Availability and implementation: Our method is implemented in R package IPBT, which is freely available from https://github.com/benliemory/IPBT.

Contact: yuzhu@purdue.edu; zhaohui.qin@emory.edu

Supplementary information: Supplementary data are available at Bioinformatics online.

1 Introduction

High-throughput technologies such as microarray and next generation sequencing have become indispensable tools in biomedical research. These technologies can generate a rich set of information for each biological sample, which can be summarized into a comprehensive picture of the underlying biological processes or systems. However, due to the relatively high cost and complexity of sample preparation, the number of samples surveyed in each experiment is much smaller than the number of features surveyed in each sample. The key characteristic of such datasets can be summarized as ‘large p, small n’ (Fan and Lv, 2010). This presents a tremendous challenge when conducting statistical inference on these data such as detecting differentially expressed (DE) genes – a fundamental problem in gene expression data analysis.

Hierarchical models (Good, 1965), which are designed to ‘borrow strength’ across features, provide a solution under the high-dimensional data setting and have been shown to be effective in dealing with high-throughput genomics data (Kerr and Churchill, 2001; Newton et al., 2001; Parmigiani et al., 2003; Smyth, 2004).

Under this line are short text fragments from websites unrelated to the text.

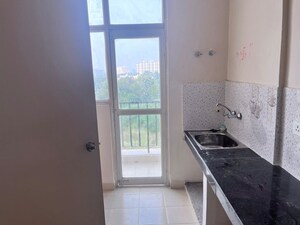 Kitchen in 2 BHK Apartment at Sushant Golf City – for Rent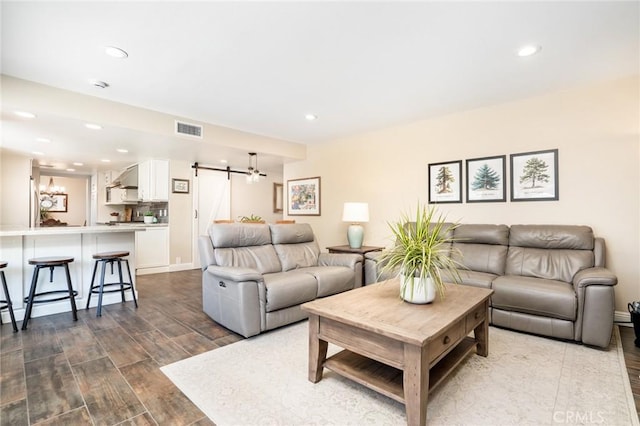 17301 Elsinore Cir, Huntington Beach, CA 92647 - living room with a barn door, recessed lighting, and dark wood finished floors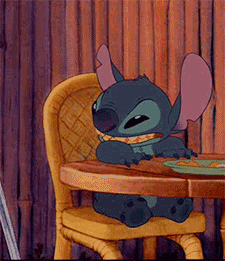 Disney gif. Stitch from Lilo and Stitch sits at a table and looks off to the side, clapping his hands and smiling.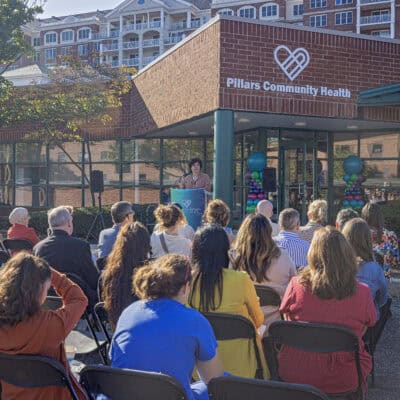 A group of people sit in front of a podium in front of a brick building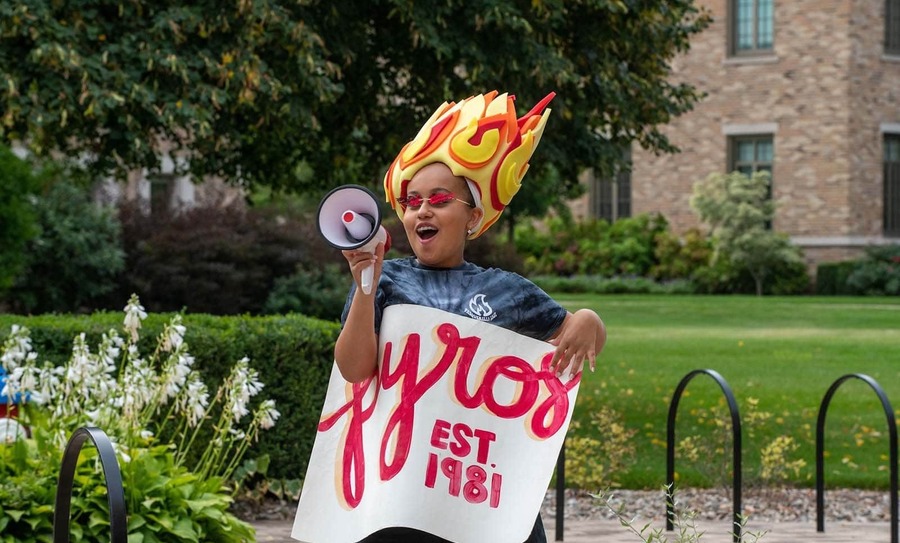 A girl yells into a megaphone while wearing a hat in the shape of fire and holding onto a 'Pyros Est. 1981' poster.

The hierarchical model framework has been increasingly utilized in genomics research (Ji and Liu, 2010). It is widely accepted that hierarchical models possess key advantages over naïve, separate inference on individual features. The key idea is that hierarchical models assume that distribution parameters of all features (e.g. probes) are random draws from an upper-level prior distribution (hyperprior). As a result, the posterior distributions of these parameters ‘regress’ toward the middle. Despite its success, such a strategy could be a double-edged sword. On the one hand, this approach alleviates the problem of poor inference results due to small sample size; on the other hand, it inadvertently introduces biases when estimating the variances of genes that have intrinsic high or intrinsic low variance. It is a reasonable strategy if no additional information except the current experimental data is available. However, in reality, given the explosion of genomics datasets that are publicly available, there is abundant information that can be utilized and should be considered. A unique and fundamental advantage of the Bayesian inference framework lies in its capability to incorporate existing prior information. Bayesian inference achieves seamless integration of prior knowledge and observed data hence is desirable in solving real practical problems (Gelman, 2004). Because technologies like microarray have been widely adopted, there are plenty of publicly available data (referred to as historical data hereafter). We believe such information should be taken advantage of, and the Bayesian framework provides an attractive avenue for implementing such a strategy. Although historical data have been exploited in other contexts (for example, Sui et al. (2009) applied a historical database of microarray experiments to adjust background for DNA microarrays), we found none of the existing methods for detecting DE genes explicitly utilizes historical data in a Bayesian setting.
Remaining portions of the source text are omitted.